The older I get, the more I become aware of the darker and sharper edges of civilization and middle class America and the world as much as the clearly darker underworlds in the West and throughout the world and in a violence-obsessed and harsh, sometimes barbaric traditional developing world and the romanticism of violence and harshness and revenge and mean-spiritedness that is still all too present in all parts of the world, liberal and illiberal. I become more aware of how all of us – liberal and illiberal peoples, alike – rationalize our basest, harshest, most vengeful and ugly impulses in the name of our most decent and strongest virtues. And, tragically, how we persistently debase our most decent impulses – especially virtues like forgiveness, love, compassion, decency, and humanity - in our efforts to make our ugliness look more pretty than it really is.
I do not want to root out those basest impulses. Such an effort is fruitless and counterproductive. It is the essence of repression, which only buries our feelings. It does not resolve them. It leaves the ugliness in our hearts and has us pretending that it is more resolved in our hearts than it really is. I want to soften those sharper impulses, not eliminate them. I want to love them, to accept and forgive them and us for them. I want to tame the savageness of man, and make gentle the life of this world.
Bobby Kennedy, following the assassination of Martin Luther King, articulated the most decent, gentle, loving message of people and their common destiny of any American politician I have ever encountered. I have plenty of policy disagreements with Bobby, as I do with all politicians and people who are politically-minded. But Bobby Kennedy was one of the most decent people who ever aspired for the Presidency, virtues and vices.

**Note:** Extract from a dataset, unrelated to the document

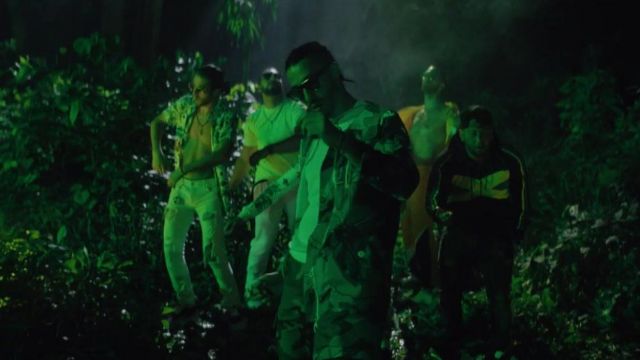 The jacket camouflage worn by N. O. S. in the clip Blanka NLP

And this speech, with music from the 2006 movie by Emilio Estevez about Senator Kennedy, is one of the most beautiful that he ever spoke and is one of the most beautiful speeches I have ever heard a politician speak, save perhaps his impromptu eulogy for Martin Luther King.
To tame the savageness of man, and make gentle the life of this world. It is the most decent instinct that could ever animate a liberal democratic world and a world of common humanity.